Abstract: A great deal of work in speech has argued that invariant acoustic cues do not exist, leading many researchers to conclude that listeners use specialized representations, such as talkers’ inferred gestures, instead. Other work has emphasized that many phonological distinctions are signaled by multiple cues; Lisker (1986, Language and Speech, 29, 3-11), for example, lists 16 cues to voicing. Yet, few studies have measured the reliability of multiple cues and asked whether combining them may provide a solution to the lack of invariance. Here, we present measurements of 12 potential cues to the voiced/voiceless distinction in stops (including many of those reported by Lisker, 1986) and use a statistical modeling approach to determine which ones distinguish the two categories and how reliable those cues are.

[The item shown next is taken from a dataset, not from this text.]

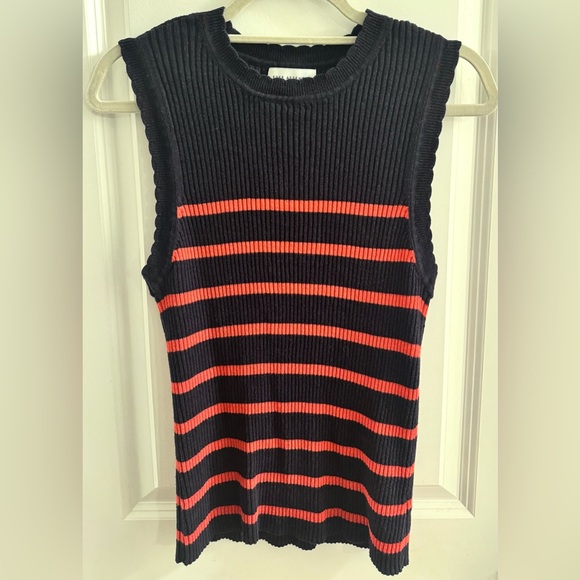 Free Assembly Tops - Free Assembly Womens 2XL Navy Red Striped Ribbed Sleeveless Sweater Knit Top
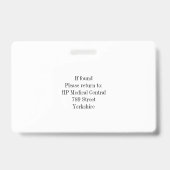 Kundenspezifische Kunden Logo Firmenname ID Ausweis (Rückseite)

We recorded two-syllable non-words (/sVCVs/) with one of six consonants (/b,p,d,t,g,k/) and one of four vowels (/a,æ,i,u/). We found that talkers used multiple cues, but that cues varied in their usefulness. In addition, a classifier trained on the cues was able to accurately identify voicing categories. We argue that by harnessing information from multiple cues, listeners can overcome ambiguity in individual cues in specific utterances, allowing them to recognize speech across talkers and phonological contexts.